Estudo da FGV revela que foram abertas cerca de 1.700 ações do tipo durante as eleições de 2014. Nas decisões da Justiça em segunda instância, 58% dos juízes são a favor da retirada e 42% são contra

CC Wikimedia commons

São Paulo – Estudo realizado pelo grupo de Ensino e Pesquisa em Inovação da FGV Direito concluiu que cerca de 1.700 decisões judiciais determinando a retirada de conteúdo da internet foram despachadas durante as eleições de 2014. O dado se refere às decisões disponíveis no site do Tribunal Regional Eleitoral dos 27 estados do país, mais o Distrito Federal e o Tribunal Superior Eleitoral (TSE).

Segundo Mônica Rosina, coordenadora do grupo, o dado é revelador sobre as ofensivas contra a liberdade de expressão durante períodos eleitorais brasileiros e refletem a pouca afinidade dos políticos brasileiros com a democracia. Decidimos fazer essa pesquisa para fornecer informações que possam subsidiar o debate sobre a liberdade de expressão durante as eleições, disse Mônica.

Os dados foram divulgados durante um debate sobre liberdade de expressão nas eleições, ocorrido hoje (26), na Associação dos Advogados de São Paulo (AASP).

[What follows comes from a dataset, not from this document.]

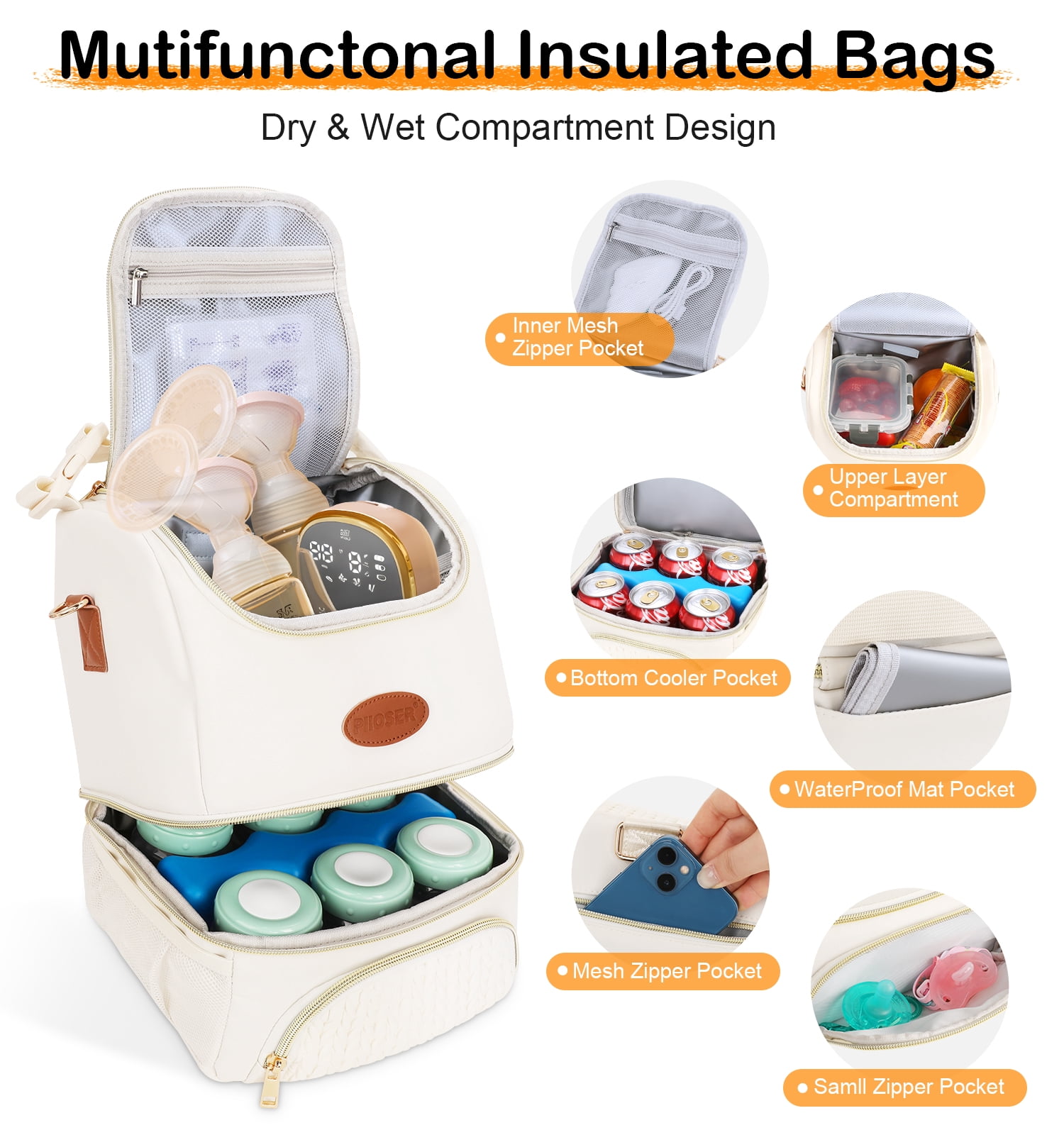 Breastmilk Cooler Bag with Ice Pack Fits 6 Baby Bottles Up to 9 Ounce, Insulated Baby Bottle Tote Bags, Double Layer Waterproof Leak-Proof with Shoulder Strap for Nursing &Working Mom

Usamos o critério das decisões colocadas na internet porque é assim que a justiça eleitoral brasileira opta por se mostrar para quem procura por suas informações, disse Mônica, afirmando que, no entanto, na internet não está o número de ações totais. Como muitas decisões eram similares, ela explicou que o grupo de pesquisa utilizou alguns filtros e, ao final, concentrou o estudo em 484 processos.

Com relação às decisões da Justiça, o estudo mostra que, entre os pedidos de liminares, 66% dos juízes concordam com a retirada de conteúdo da internet. O número cai para 62% na decisão em primeira instância. Em segunda instância, 58% dos juízes são a favor da retirada e 42% são contra.

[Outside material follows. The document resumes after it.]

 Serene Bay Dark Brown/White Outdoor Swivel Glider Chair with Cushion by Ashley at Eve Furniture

O estudo revela que 46,7% dos autores da ação são partidos políticos ou coligações; 30,3% são os próprios candidatos; 22,8% a imprensa (pessoa jurídica); e apenas 0,2% os provedores de conteúdo. Entre os réus, 43,6% são as candidaturas; 17,7% os candidatos, como pessoa física; 14,6% os provedores de conteúdo na internet; e 9,4% o partido ou coligação. A professora da FGV mostrou que, quando o réu são os provedores da internet, o Facebook lidera, sendo alvo em 71,6% das ações, seguido pelo Google, com 20,9%, e o Twitter, réu em 5,4% das ações.

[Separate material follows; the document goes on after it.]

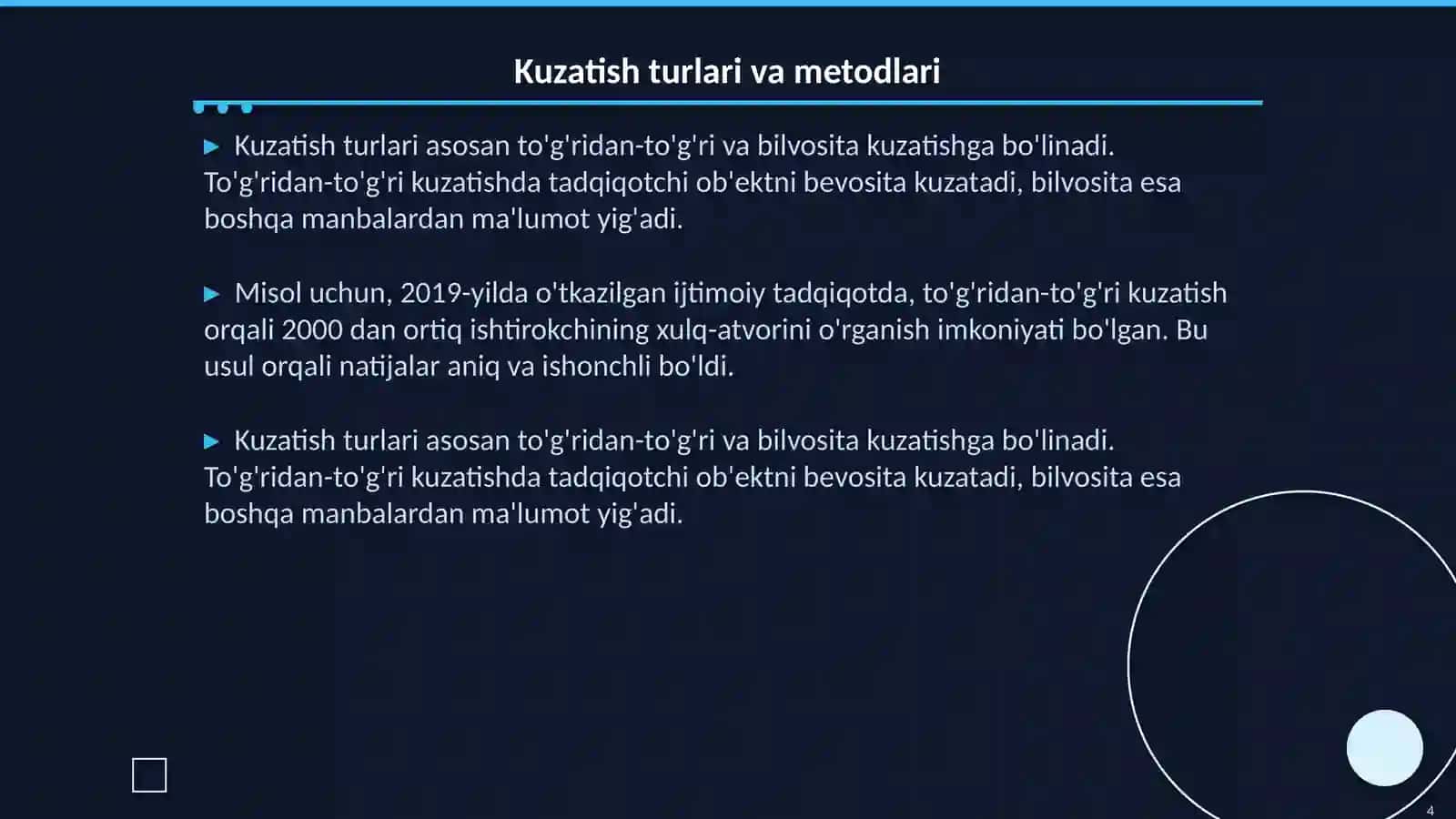 Kuzatish usullarining kōrinishlari 4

As redes sociais são o local de publicação preferido das ações, sendo alvo de 56,8% dos processos. Na sequência vêm os blogs, com 12%, sites da administração direta, com 11,4%, e sites de notícias com 9,7%.

Entre tantas justificativas para embasar o pedido de retirada de conteúdo, a acusação de material inverídico é uma delas. Neste aspecto, a situação do trabalho humorístico em período eleitoral é ainda mais complicada.

Humor x eleições

Criado em 2009, o site Sensacionalista ficou conhecido a partir de 2014, justamente por sua atuação durante as eleições. “Ser inverídico é motivo de ter o conteúdo retirado, o que nos coloca numa situação difícil porque tudo o que publicamos é mentira”, disse Nelito Fernandes, um dos criadores do site. “Algumas pessoas acham que fazemos jornal, mas se enganam. Nós fazemos humor em linguagem jornalística.”

Em sete anos no ar, foram publicadas cerca de 12.300 “notícias”. Só mentira. Apesar do humor crítico, foram alvo até hoje de apenas um processo, movido pelo deputado Marcos Feliciano (PSC-SP).

“O humor pressupõe a crítica, sempre alguém vai ficar chateado. Não tem humor a favor”, pondera Nelito Fernandes. No caso do processo movido por Feliciano, o deputado perdeu tudo o que pediu – desde a retirada da publicação até a impossibilidade de nova publicação abordando o próprio processo em curso.

Segundo Marta Mendonça, também criadora do site, a autocensura faz parte do trabalho do grupo e mesmo na produção do humor, é preciso ter regras. Nós gostamos de falar mal do opressor, não do oprimido, explicou.